(Short descriptive text snippets)
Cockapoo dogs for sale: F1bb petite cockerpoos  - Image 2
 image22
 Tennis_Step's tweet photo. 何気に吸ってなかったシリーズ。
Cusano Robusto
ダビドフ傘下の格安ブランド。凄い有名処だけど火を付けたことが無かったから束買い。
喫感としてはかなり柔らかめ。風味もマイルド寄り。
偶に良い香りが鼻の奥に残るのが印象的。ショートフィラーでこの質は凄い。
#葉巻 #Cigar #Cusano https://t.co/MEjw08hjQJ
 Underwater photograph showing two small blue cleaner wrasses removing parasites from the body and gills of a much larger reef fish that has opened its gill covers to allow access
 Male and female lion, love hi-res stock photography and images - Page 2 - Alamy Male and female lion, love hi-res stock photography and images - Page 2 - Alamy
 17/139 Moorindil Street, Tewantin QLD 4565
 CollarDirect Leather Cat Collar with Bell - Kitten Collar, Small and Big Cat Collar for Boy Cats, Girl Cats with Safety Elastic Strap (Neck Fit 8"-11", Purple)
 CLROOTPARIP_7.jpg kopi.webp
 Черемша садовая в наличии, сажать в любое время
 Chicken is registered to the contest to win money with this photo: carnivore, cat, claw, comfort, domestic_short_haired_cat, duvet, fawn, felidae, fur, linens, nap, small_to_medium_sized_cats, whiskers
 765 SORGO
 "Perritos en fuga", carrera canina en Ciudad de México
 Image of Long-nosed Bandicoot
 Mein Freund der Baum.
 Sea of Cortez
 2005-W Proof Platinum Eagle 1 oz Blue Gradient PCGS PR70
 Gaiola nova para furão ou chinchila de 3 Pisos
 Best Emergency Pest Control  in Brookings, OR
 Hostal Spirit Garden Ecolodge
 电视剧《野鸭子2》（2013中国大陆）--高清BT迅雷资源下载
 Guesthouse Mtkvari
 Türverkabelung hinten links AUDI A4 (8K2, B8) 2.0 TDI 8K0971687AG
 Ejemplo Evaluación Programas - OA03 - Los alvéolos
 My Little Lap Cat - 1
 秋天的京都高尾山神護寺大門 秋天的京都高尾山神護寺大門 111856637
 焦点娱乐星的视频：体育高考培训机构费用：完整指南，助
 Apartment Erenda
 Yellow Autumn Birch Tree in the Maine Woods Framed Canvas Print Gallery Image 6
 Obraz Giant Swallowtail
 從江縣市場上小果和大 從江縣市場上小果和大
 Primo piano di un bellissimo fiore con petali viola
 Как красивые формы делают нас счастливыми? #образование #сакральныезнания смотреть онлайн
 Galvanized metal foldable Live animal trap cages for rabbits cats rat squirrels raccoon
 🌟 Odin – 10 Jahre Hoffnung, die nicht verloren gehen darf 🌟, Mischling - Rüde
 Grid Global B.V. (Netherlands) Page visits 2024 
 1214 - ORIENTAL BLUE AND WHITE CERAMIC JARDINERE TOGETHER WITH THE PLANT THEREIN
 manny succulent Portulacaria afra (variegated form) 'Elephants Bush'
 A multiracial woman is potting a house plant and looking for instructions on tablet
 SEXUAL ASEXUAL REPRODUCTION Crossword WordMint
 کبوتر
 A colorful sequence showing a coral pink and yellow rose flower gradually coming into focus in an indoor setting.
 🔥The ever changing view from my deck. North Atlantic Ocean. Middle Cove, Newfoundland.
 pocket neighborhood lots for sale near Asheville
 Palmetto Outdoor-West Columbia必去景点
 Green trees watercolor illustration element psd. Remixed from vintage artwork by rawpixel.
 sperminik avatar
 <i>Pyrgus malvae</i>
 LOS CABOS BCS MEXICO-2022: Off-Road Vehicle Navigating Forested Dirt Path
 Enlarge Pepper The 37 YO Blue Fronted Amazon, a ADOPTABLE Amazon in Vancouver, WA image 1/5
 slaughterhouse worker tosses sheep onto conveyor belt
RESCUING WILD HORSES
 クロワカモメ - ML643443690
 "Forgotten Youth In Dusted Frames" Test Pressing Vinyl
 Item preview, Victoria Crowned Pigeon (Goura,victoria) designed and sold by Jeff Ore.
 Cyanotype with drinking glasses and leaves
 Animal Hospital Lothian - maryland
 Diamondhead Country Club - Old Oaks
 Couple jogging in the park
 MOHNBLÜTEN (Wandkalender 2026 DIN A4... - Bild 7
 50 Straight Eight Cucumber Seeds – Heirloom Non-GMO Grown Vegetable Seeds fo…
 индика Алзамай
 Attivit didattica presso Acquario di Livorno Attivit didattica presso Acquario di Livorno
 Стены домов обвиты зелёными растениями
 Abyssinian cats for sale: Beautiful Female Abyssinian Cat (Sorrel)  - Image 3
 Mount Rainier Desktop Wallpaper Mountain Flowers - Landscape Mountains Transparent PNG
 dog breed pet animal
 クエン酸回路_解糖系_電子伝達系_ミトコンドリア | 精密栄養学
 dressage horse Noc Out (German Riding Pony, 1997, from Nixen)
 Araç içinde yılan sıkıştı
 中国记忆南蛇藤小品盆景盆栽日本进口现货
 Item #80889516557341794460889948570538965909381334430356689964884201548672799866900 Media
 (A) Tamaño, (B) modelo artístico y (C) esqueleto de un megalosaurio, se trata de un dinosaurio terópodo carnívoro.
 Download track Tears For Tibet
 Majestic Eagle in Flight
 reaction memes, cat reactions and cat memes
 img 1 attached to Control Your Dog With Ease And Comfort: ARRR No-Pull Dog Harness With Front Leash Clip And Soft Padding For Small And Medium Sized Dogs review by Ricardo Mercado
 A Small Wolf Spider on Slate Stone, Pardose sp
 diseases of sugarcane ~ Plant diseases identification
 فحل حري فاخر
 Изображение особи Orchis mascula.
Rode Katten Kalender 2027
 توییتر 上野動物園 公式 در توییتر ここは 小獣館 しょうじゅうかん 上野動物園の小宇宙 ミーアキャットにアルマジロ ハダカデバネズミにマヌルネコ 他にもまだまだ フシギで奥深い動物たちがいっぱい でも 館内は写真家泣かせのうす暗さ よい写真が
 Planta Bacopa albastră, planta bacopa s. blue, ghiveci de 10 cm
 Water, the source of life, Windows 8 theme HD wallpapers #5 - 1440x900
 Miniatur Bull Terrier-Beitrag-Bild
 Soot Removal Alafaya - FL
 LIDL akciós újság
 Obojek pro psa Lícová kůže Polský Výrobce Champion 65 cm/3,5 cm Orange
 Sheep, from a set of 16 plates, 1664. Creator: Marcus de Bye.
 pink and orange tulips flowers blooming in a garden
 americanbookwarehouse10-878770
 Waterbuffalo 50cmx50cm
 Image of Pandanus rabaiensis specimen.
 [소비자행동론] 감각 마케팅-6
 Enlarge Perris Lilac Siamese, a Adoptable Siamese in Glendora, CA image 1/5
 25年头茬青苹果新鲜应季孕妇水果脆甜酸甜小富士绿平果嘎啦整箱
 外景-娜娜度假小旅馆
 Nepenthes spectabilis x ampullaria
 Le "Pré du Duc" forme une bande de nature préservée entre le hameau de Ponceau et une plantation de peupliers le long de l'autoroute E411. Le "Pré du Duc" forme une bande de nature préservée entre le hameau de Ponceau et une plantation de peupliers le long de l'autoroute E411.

- HOW TO COMPLETE THIS TASK -
Your task is to list each line of the records with the word "Item".

- REPLY TO THE EXERCISE -
 Item preview, Victoria Crowned Pigeon (Goura,victoria) designed and sold by Jeff Ore.
 Item #80889516557341794460889948570538965909381334430356689964884201548672799866900 Media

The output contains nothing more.